Layla Rose Hanbury (born 5 October 1982), known mononymously as Layla, is an Australian hip hop singer-songwriter and MC from Perth. In January 2005 she released her debut solo album, Heretik, on Obese Records. She is a member of Syllabolix (SBX) Crew, with other MCs including her husband, Dazastah (a.k.a. Darren Reutens). The couple also perform as Layla and Dazastah. During September and October 2011 the duo were a support act for another SBX artist, Drapht, on his Australia-wide Party Party Party Tour.

== Biography ==
Layla Rose Hanbury was born 5 October 1982. In 2000 Layla's first gig was at an MC battle where she was the only female among 20 entrants. Layla is a member of the Syllaboliks (SBX) Crew with other Australian MCs and hip hop acts: Drapht, Matty B, Dazastah, Hunter, Downsyde, and Clandestien. In 2001 Layla provided raps for Clandestien's track "A.T.O.M.S.", alongside Dazastah and Dynamikes, which appeared on the group's debut album, Clandestien. The following year she issued a track, "Its Only Me", on the Obese Records 2× CD compilation album, Culture of Kings Volume 2. In 2003 Layla was one of six artists interviewed for the VHS, All the Ladies, describing "what it is like to be a female MC in the Australian underground hip hop scene". Film footage included live performances from an earlier gig, Short 'n' Sweet, organised by fellow hip hop artist, A-Love (a.k.a. Antonella Formosa). Layla's solo track, "Maverick", appeared on the 2003 Various Artists compilation album, Straight from the Art.

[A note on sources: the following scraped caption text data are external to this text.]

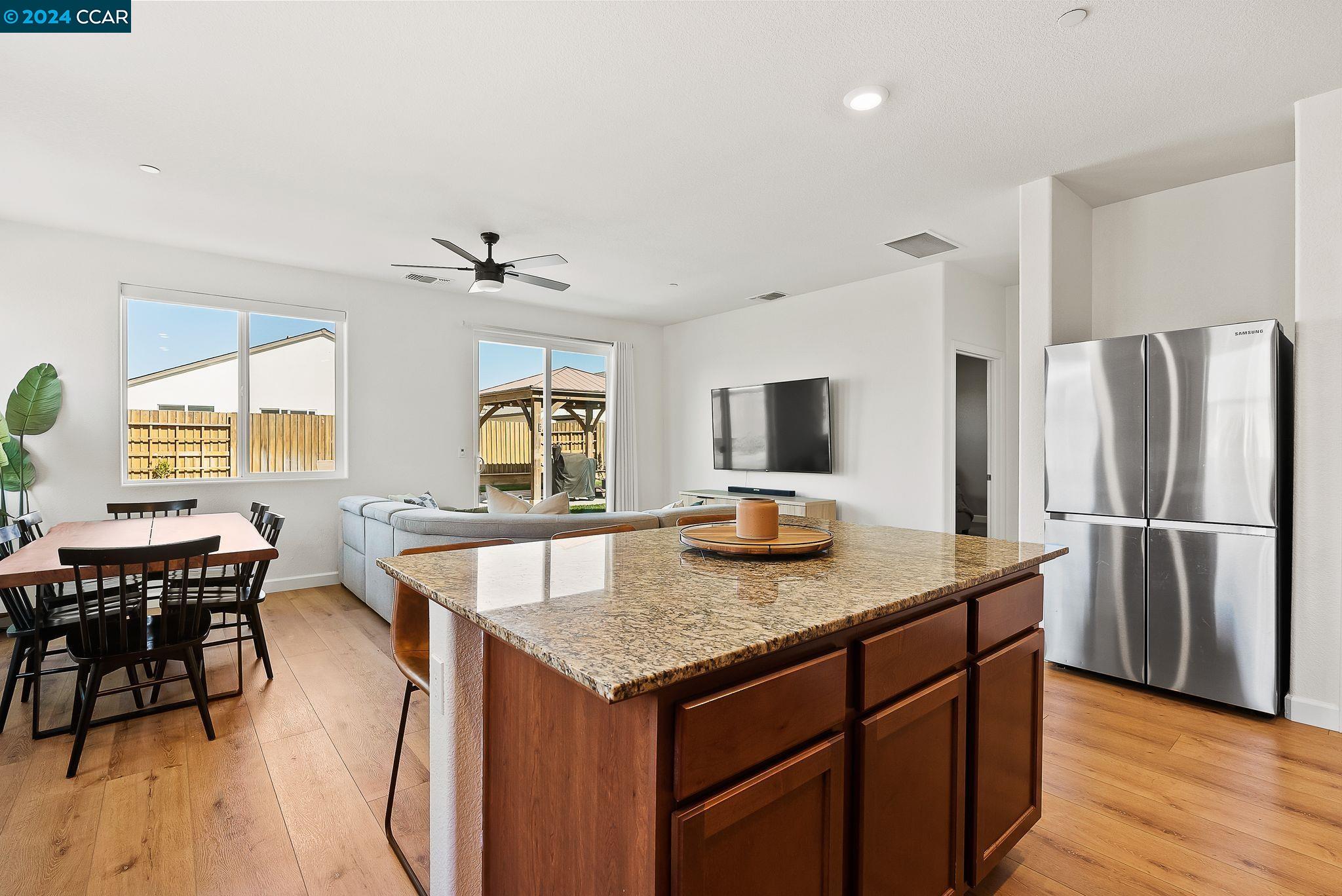 4378 Broadway Chase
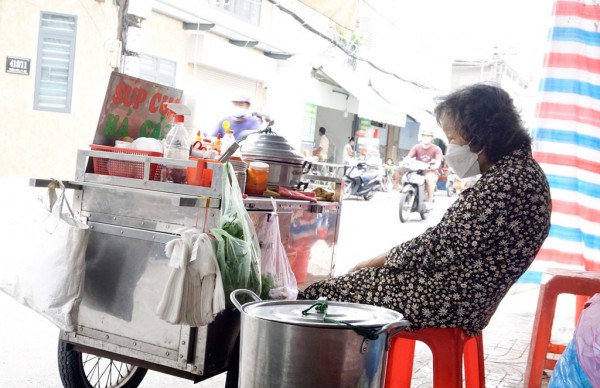 Xe há cảo, súp cua 20 năm của hai cụ bà: Khách vui vẻ tự phục vụ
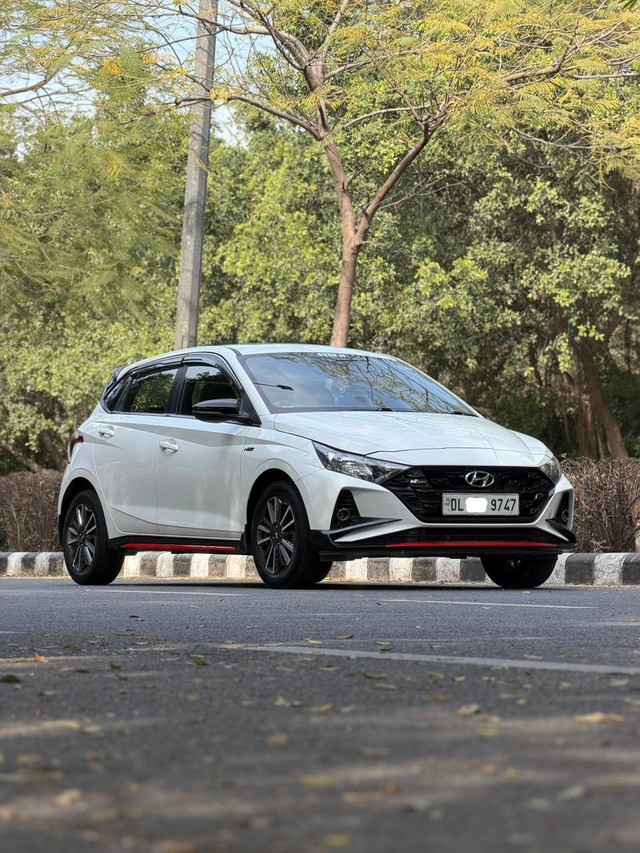 Second-hand 2022 Hyundai i20 Asta Turbo iMT for sale in New Delhi-5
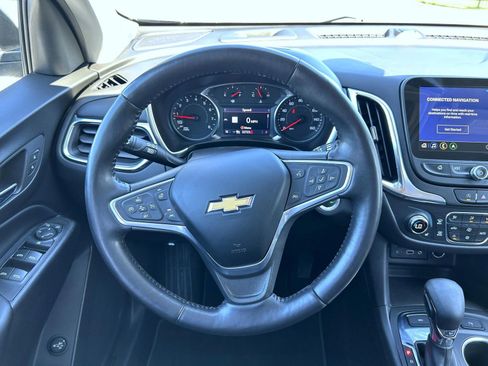 Certified 2022 Chevrolet Equinox LT image 11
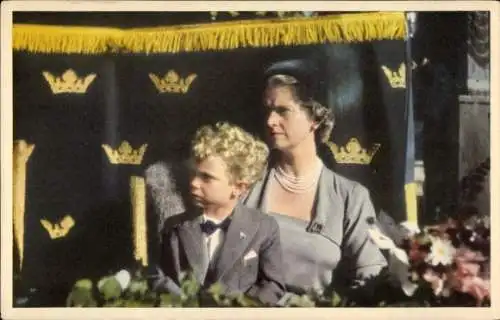 Ak Prinzessin Sibylla von Schweden mit Prinz Carl Gustaf, Portrait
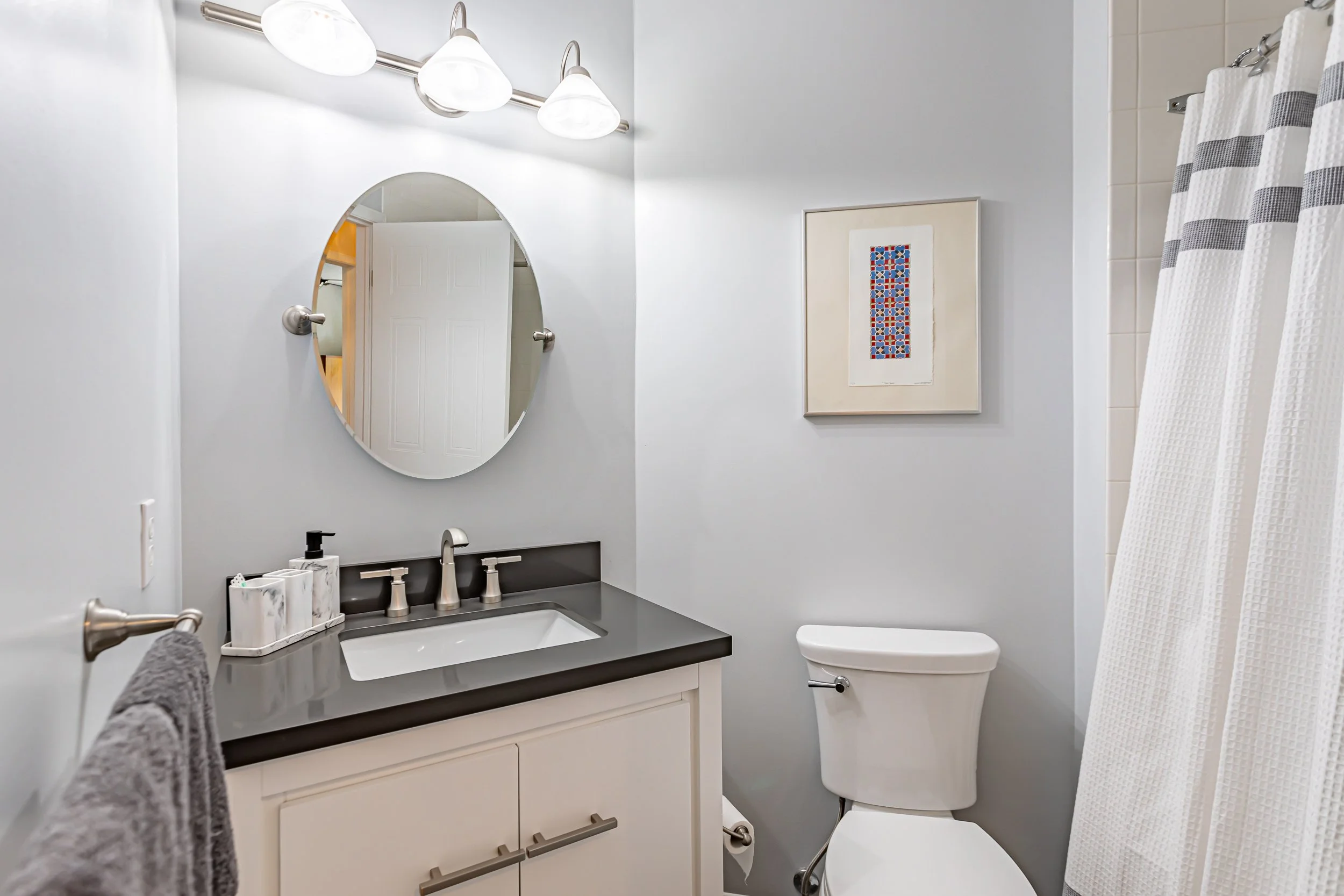 7-99 Edgevalley Rd-24.jpg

On 12 January 2005 Layla released her debut album, Heretik, on Obese Records. The album included the single, "The Fuss About Sluts", which was co-written by Layla with Darren Reutens (a.k.a. Dazastah). The lyrics relate to female artists, exemplified by Britney Spears, who sexualise their performances and give young girls a poor example. Reutens also produced, mixed and recorded the album.

Her music is defined by her forceful and candid lyrics that range from her frustrations with female recording artists using their bodies to sell music in "The Fuss About Sluts", to an exploration of her own creative practices in "Driving Miss Layzy".
— Gadd, Natasha; Graham, Rhys, Words from the City (2007).

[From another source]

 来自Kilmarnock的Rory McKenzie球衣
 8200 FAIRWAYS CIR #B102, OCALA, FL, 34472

In the Mix website's Sophiska described Heretiks tracks, which "range from straight up hip hop battle jams ... to more reflective, instrumental composition ... The remainder are very theme dependant, 'Driving Miss Layzy' employs more of a light-hearted funk, soul formula to complement rhymes about laying back and procrastinating". Her brother, James, provided artwork for the album including a comic book in place of typical liner notes. After the release of her debut album, aside from performing, Layla also studied for a degree in natural medicine.

Layla and Dazastah have co-written material with Drapht, including "Inspiration Island" for his 2005 album, Who Am I. Layla has performed on albums by fellow SBX artists and some guested on her debut album. On 7 December 2007 Layla was featured in a documentary, Words from the City, on Australian hip hop artists, which was screened nationally on ABC Television.

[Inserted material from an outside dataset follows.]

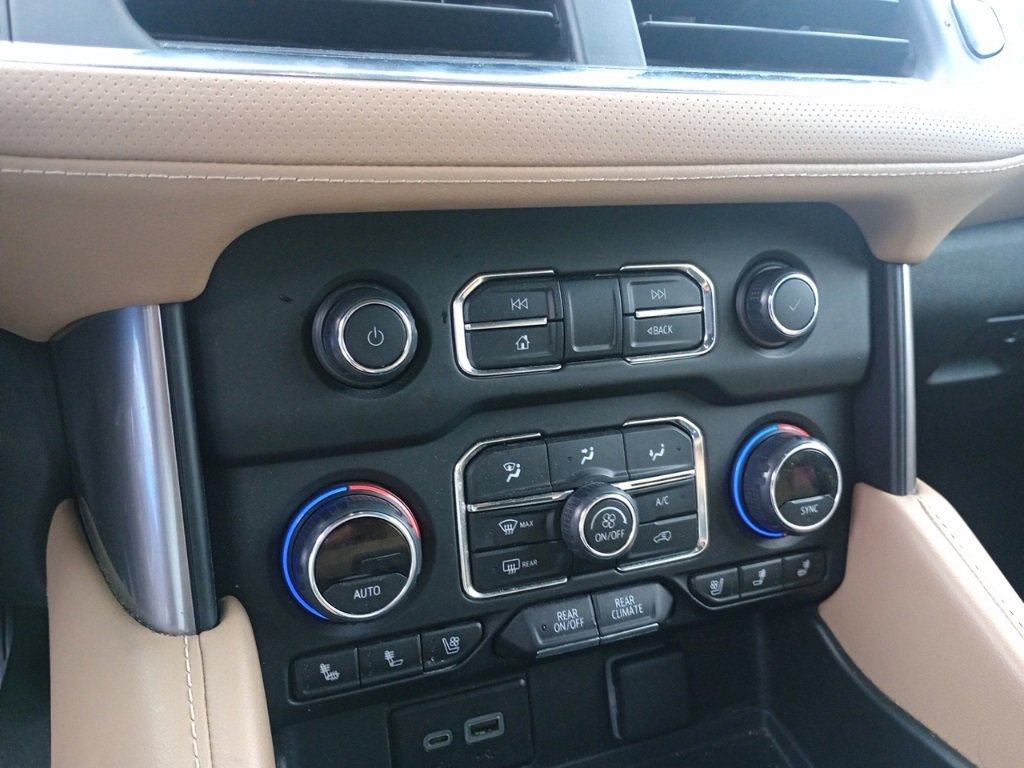 Used 2024 Chevrolet Suburban Premier image 15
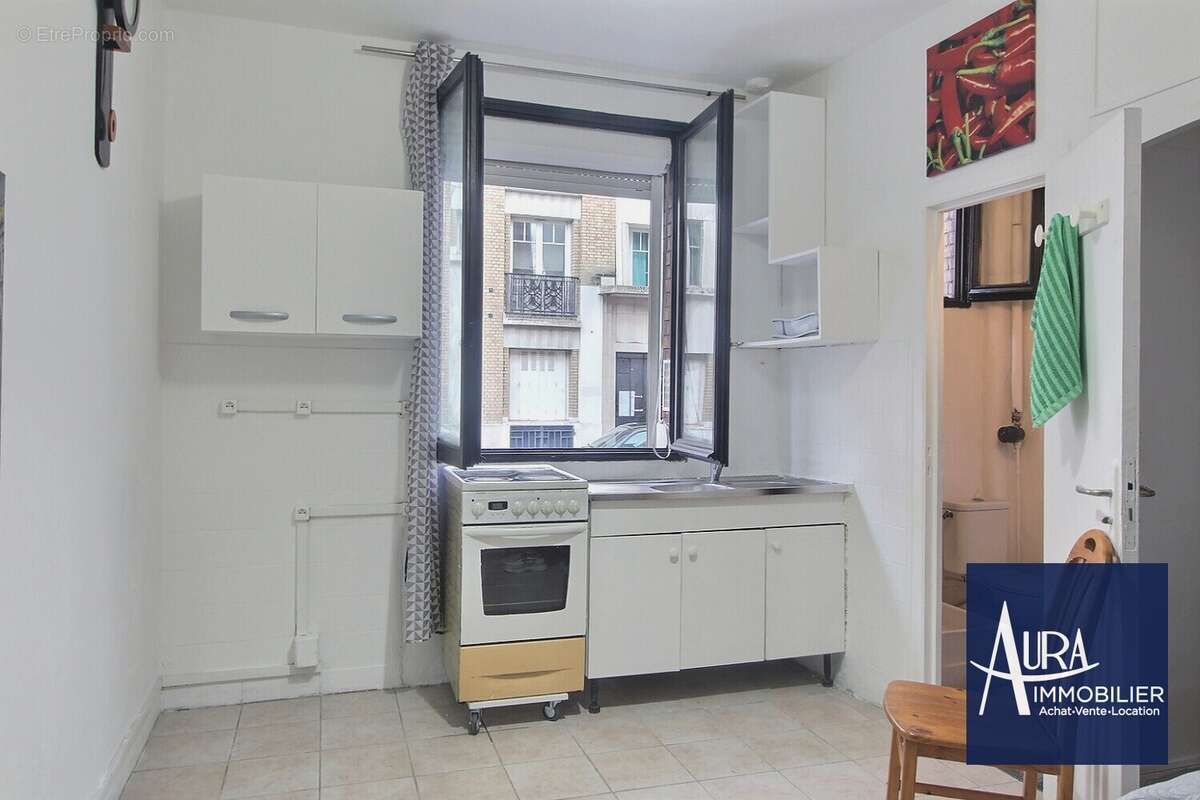 0_0002 - Appartement à LES LILAS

In March 2011 Layla indicated that a follow-up album was possible – she had written material for "20 plus tracks". In May that year Layla married Dazastah; the couple had been in a domestic relationship since 2001, they gig together as Layla and Dazastah. During September and October 2011 the duo were a support act for Drapht on his Australia-wide Party Party Party Tour. On 11 February 2012, Layla helped launch a charity album, Australian Hip Hop Supports CanTeen, by various artists for the teen cancer support organisation, CanTeen. The project had been directed by SBX member, Hunter, who himself died of cancer in October 2011. Layla provided "Love Times Pie Recurring" for the album. In September 2012 Layla and Dazastah are due to play the Rhyme Intervention 5 Festival at the University of Canberra.

== Discography ==

===Albums===
- Heretik – Obese (OBR028) (12 January 2005)

===Singles===
- "The Fuss about Sluts" – Obese (OBR027) (2005) (limited edition 12" vinyl – 500 copies)

=== Other appearances ===
Layla has appeared on releases of other artists, including members of Syllabolliks Crew (*).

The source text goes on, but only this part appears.